Drive a new convertible? Chances are good then that you are an affluent baby boomer with at least a bachelor's degree. Oh, and your ragtop of choice is probably a Ford Mustang - which you park in the driveway of your million-dollar-plus home.
That's according a recent trends analysis conducted and released Tuesday by Experian Automotive, a data research company located in Schaumburg, Ill. It found that 50 per cent of all American convertible buyers have at least a bachelor's degree, compared to 38.2 per cent of average new car buyers.
The analysis, profiling buying habits from the first quarter of 2014, revealed that 19 per cent of convertible consumers had an average household income greater than $175,000 (all figures U.S.) and 11.7 per cent owned a home worth more than $1 million.
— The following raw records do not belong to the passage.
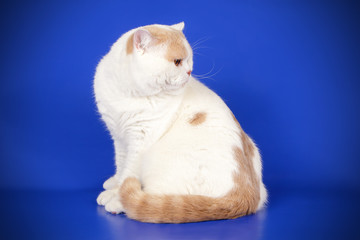 Scottish straight shorthair cat on colored backgrounds
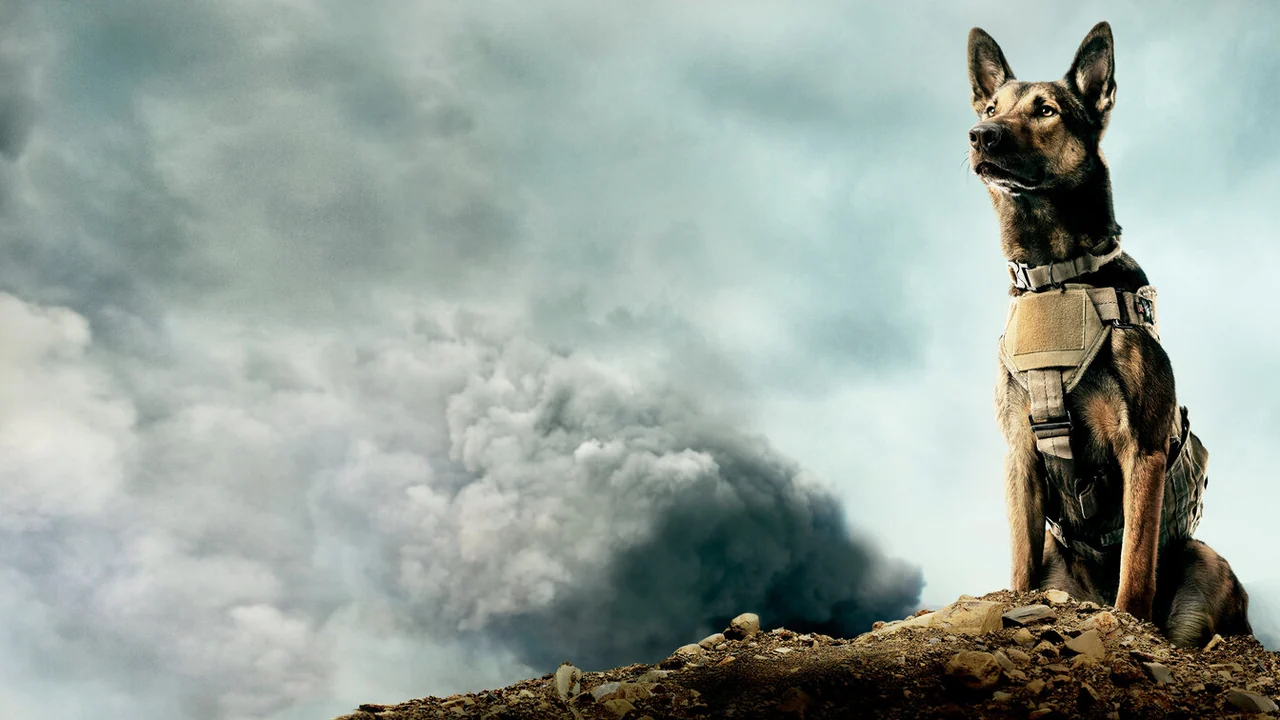 Фильм Макс (2015)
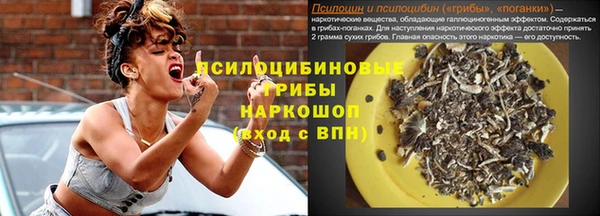 кокс Арсеньев
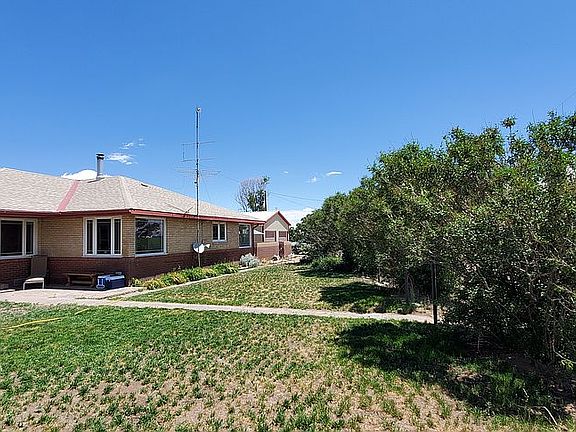 Lilac bushes on south end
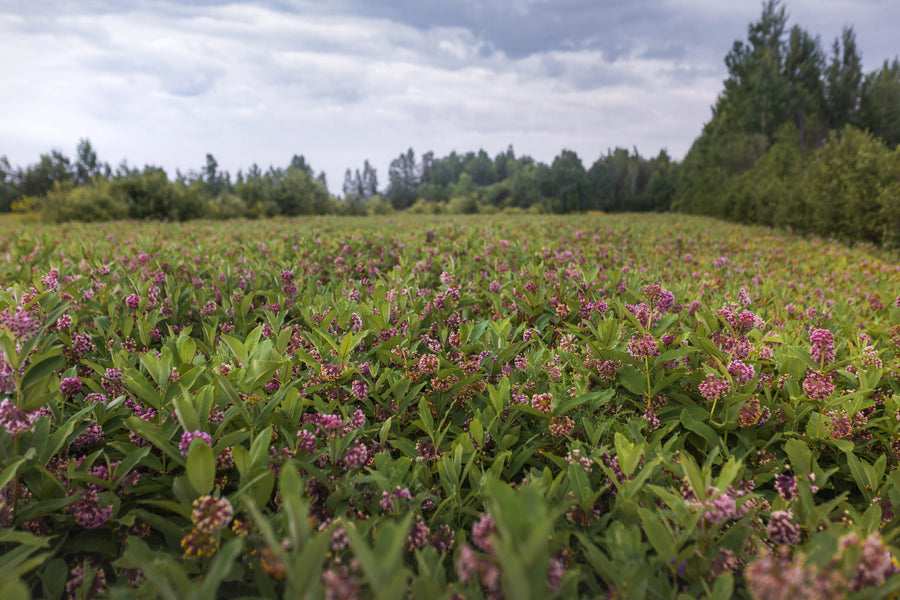 Milkweed covers the field to the forest edge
Only 10.7 per cent of average new car buyers had a household income that rich and only 4.4 per cent owned a house that valuable.
Not surprisingly, the top three states for registration of convertibles in the first quarter of the year were in the south: California (13.4 per cent), Florida (9.6 per cent) and Texas (7 per cent).
The Ford Mustang was "the convertible vehicle model of choice across all 50 states," according to Experian, followed by the Chrysler Sebring, Mazda MX-5, BMW 3-Series and the Chevrolet Corvette.
- 72 per cent of consumers buying a convertible were older that 45, compared to 60 per cent of average new car buyers
- 52 per cent did not have a child living with them, compared to 42 per cent of average new car buyers
- There were 4.5 million convertibles on American roads in the first quarter, accounting for 1.8 per cent of the U.S. automotive market.